Blitz di Casapound questo pomeriggio 12 agosto sulle spiagge di Ostia. Come riporta l'agenzia Dire, una ventina di militanti guidati dal consigliere del X municipio, Luca Marsella, hanno allontanato i venditori abusivi, chiedendo loro di andarsene. “Dall’anno scorso – ha spiegato Marsella- qui non è cambiato nulla nonostante i proclami del governo e abbiamo voluto riportare la legalità. Noi siamo dalla parte dei commercianti italiani tartassati da tasse e multe. Dopo il nostro blitz dello scorso anno ci furono sequestri di merce contraffatta e cibo avariato, un business per i negozianti stranieri da cui i venditori abusivi si rifornivano e per i produttori che noi vogliamo combattere anche duramente”. Proprio oggi il ministro dell’Interno, Matteo Salvini, ha parlato dell’operazione ‘Spiagge sicure' e di intensificare, in occasione del Ferragosto, i controlli perché “vendere e acquistare merce contraffatta vuol dire aiutare le mafie. Non si aiuta questo o quel poveretto comprando la borsetta, il foulard o il braccialetto, ma si aiuta la criminalita”.

Critica dal municipio

Non si è fatta attendere la critica di Sinistra Italiana: “Alcuni militanti di CasaPound, senza alcun titolo e senza alcuna legittimità, quindi con una modalità assolutamente illegale, hanno cacciato dalle spiagge alcuni immigrati ha scritto in una nota Marco Possanzini segretario al municipio X – Un atto di violenza che, in un paese civile, non può assolutamente essere tollerato in alcun modo. Ostia è un municipio dove la presenza delle mafie è ormai sotto gli occhi della magistratura e dell’opinione pubblica, evidentemente dietro quelli che CasaPound definisce ‘abusivi’ vi è un controllo importante da parte della criminalità organizzata ed essi sono l’ultimo anello di una catena di sfruttamento ben organizzata. CasaPound, che non ha alcuna autorità per fare ciò che ha fatto, non può sostituirsi alle istituzioni con ‘ronde’ che diventano una vera e propria ‘caccia all’abusivo’ in un esasperato clima di odio crescente. Questi fatti, odiosi e violenti, non possono essere sottovalutati".

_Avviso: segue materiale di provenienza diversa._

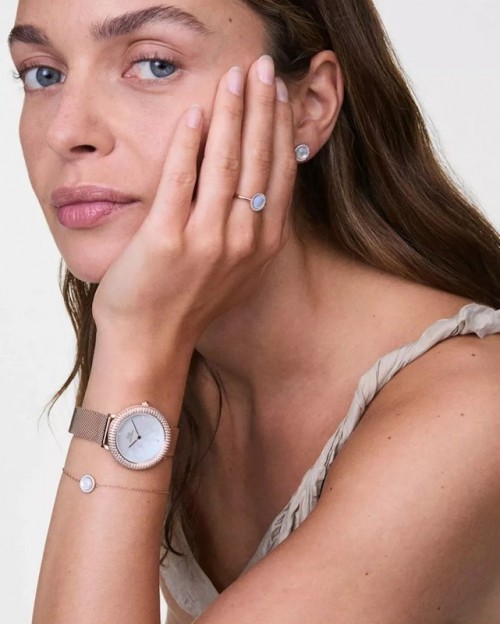 Daniel Wellington Crystalline DW00100823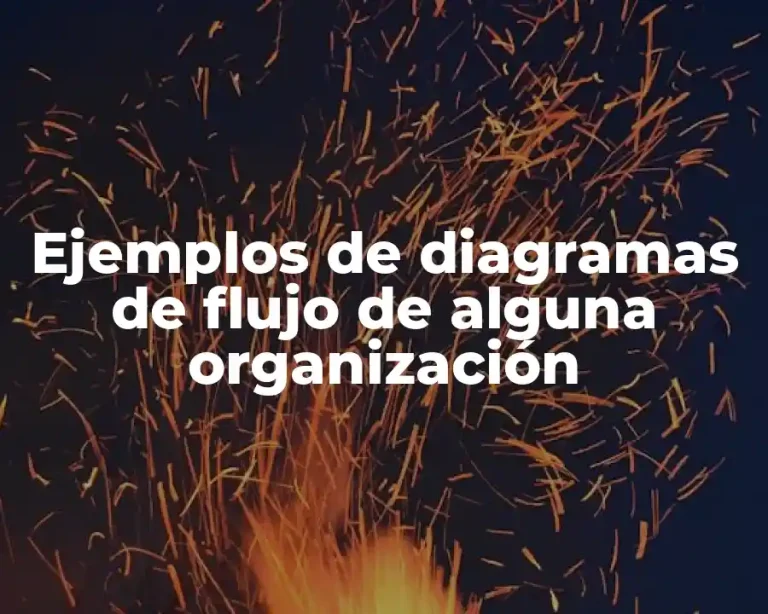 Ejemplos de diagramas de flujo de alguna organización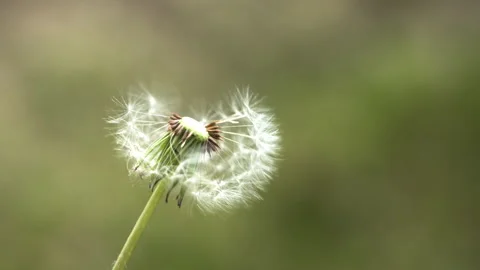 Blowing away dandelions with the wind Stock Footage 244979178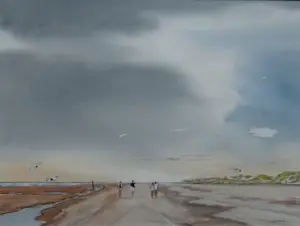 Franklin Meijer - Strand - Wandel 6 daagse kopen? Bied vanaf 55!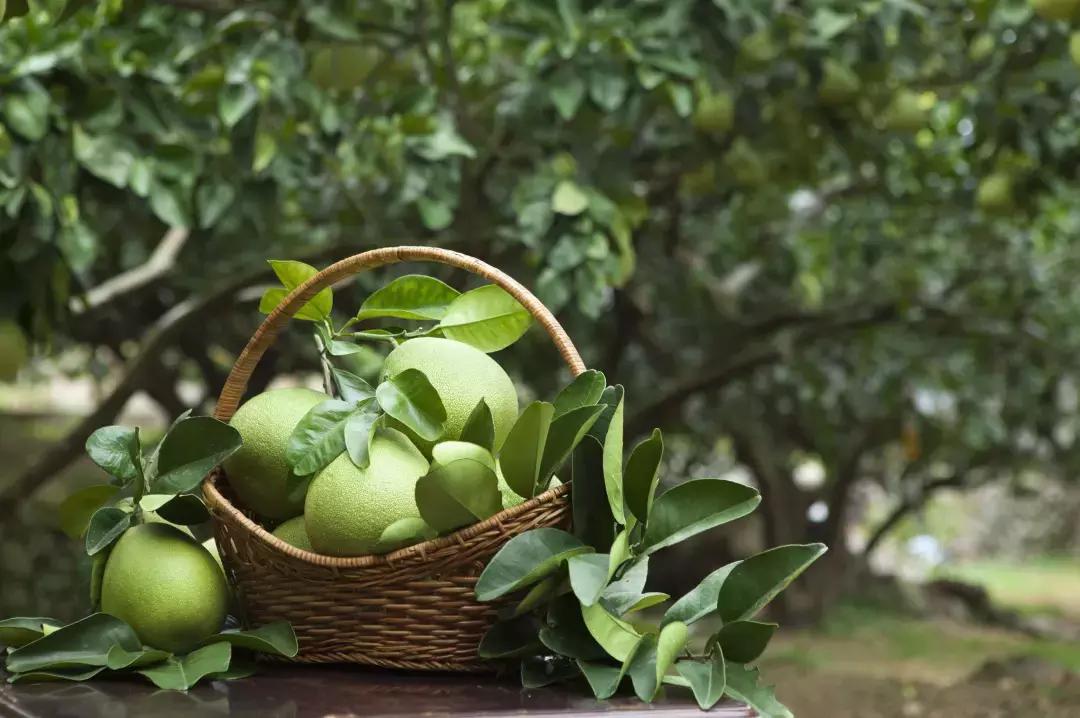 新都的房价还会涨吗,新都区的房价会大跌吗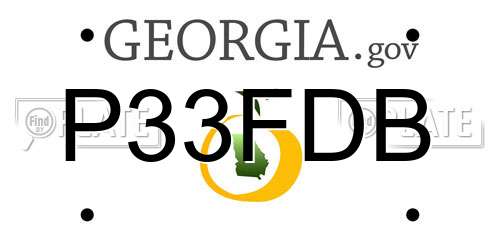 P33FDB Georgia License Plate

Poi, la critica al loro operato: "Fa sorridere l’accanimento di CasaPound contro gli ‘abusivi’ sulla spiaggia mentre non spendono mezza parola contro la criminalità mafiosa che ad Ostia è fortemente radicata oppure contro gli abusi fatti da italianissimi imprenditori sul mare di Roma così come stendono un velo pietoso sull’occupazione, quella si abusiva e illecita, fatta da CasaPound nel palazzo di via Napoleone III a Roma”.

Cosa ne pensano i bagnanti

In tanti hanno assistito all'operazione dei allontanamento dei militanti di CasaPound. La spiaggia di Ostia infatti la domenica, specialmente ad agosto è presa d'assalto dai romani rientrati dalle ferie o ancora in città che si concedono una giornata al mare per un tuffo refrigerante dall'afa della Capitale. Alcuni hanno assistito alla scena, avvicinandosi e chiedendo cosa stesse succedendo, altri sono rimasti a commentare sotto l'ombrellone, confusi se ciò che stava accadendo fosse legittimo oppure no. A Fanpage una signora ha detto: "Fanno bene, ad allontanarli, sono insistenti e infastidiscono le persone". Ma non tutti sono convinti che i militanti siano autorizzati a prendere tali iniziative. Un gruppo di ragazzi ha detto: "Queste persone non sono tutori della legge, non possono fare controlli e allontanare i venditori ambulanti dalla spiaggia. Bisogna chiamare la Polizia".